- [TASK TO COMPLETE] Copy out exactly the stretch of the listing below that begins at the line containing "Red Roof Inn" and ends at the line containing "Detalle capucha albornoz", and copy nothing outside it.

- [GIVEN DATA]
____

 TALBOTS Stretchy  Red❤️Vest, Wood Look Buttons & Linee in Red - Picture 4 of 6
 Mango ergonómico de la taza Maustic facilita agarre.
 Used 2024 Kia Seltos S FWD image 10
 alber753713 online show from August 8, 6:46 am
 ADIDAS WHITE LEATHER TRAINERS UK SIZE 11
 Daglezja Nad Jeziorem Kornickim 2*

____

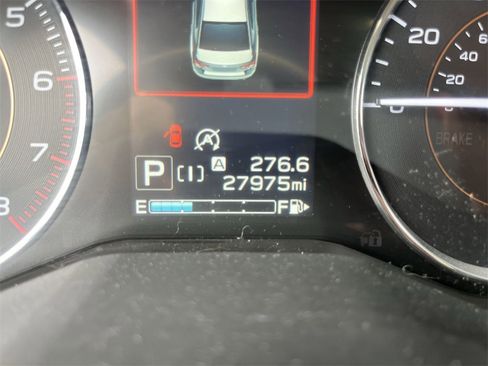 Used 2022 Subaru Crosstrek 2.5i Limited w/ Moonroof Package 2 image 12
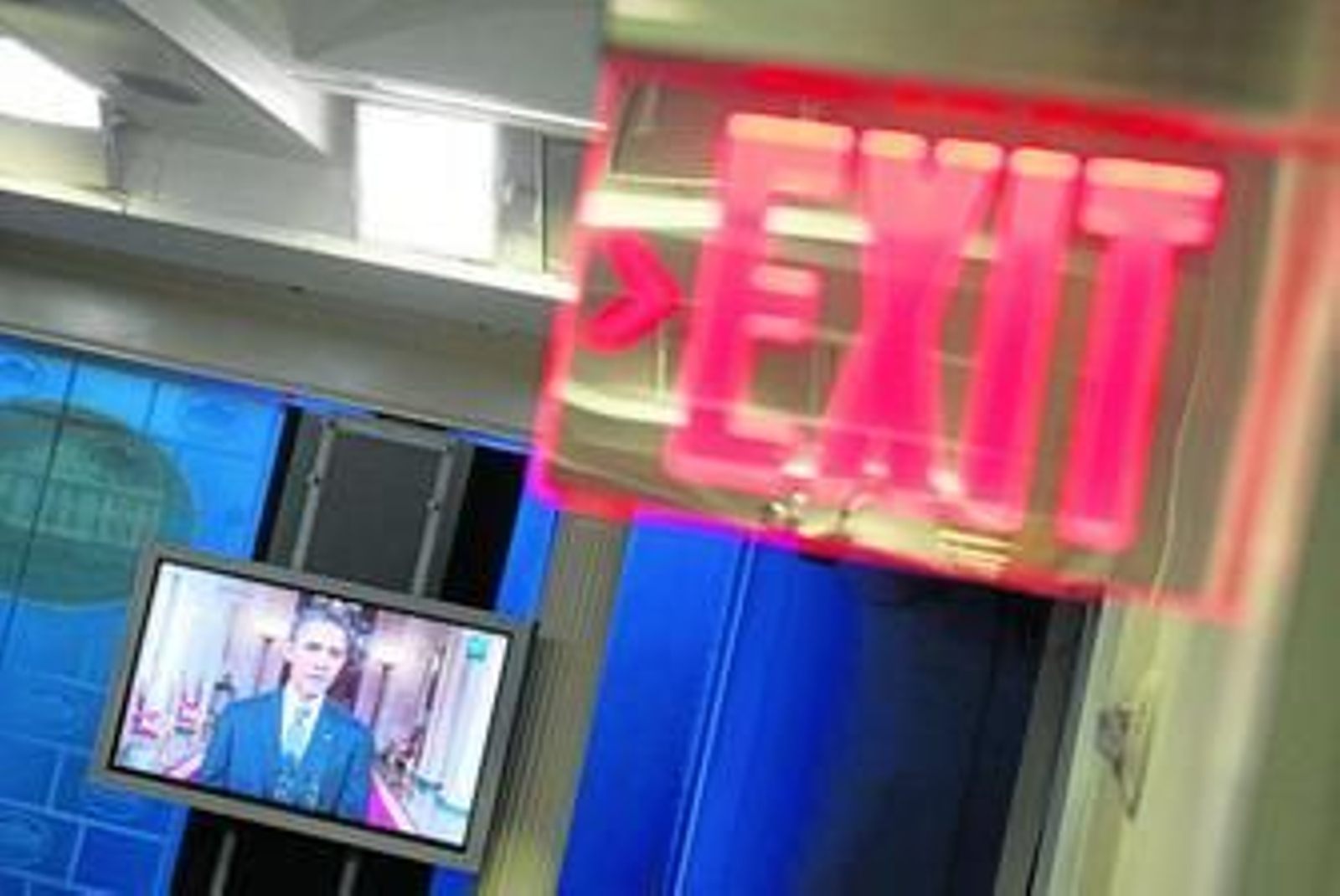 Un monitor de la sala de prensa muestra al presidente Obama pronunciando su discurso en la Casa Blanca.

____

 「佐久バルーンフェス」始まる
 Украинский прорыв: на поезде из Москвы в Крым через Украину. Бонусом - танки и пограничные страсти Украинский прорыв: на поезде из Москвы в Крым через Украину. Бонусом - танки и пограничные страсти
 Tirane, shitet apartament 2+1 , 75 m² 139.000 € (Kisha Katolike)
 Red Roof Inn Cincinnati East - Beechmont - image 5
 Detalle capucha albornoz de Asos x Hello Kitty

____

- [SOLUTION TO THE EXERCISE]
 Red Roof Inn Cincinnati East - Beechmont - image 5
 Detalle capucha albornoz de Asos x Hello Kitty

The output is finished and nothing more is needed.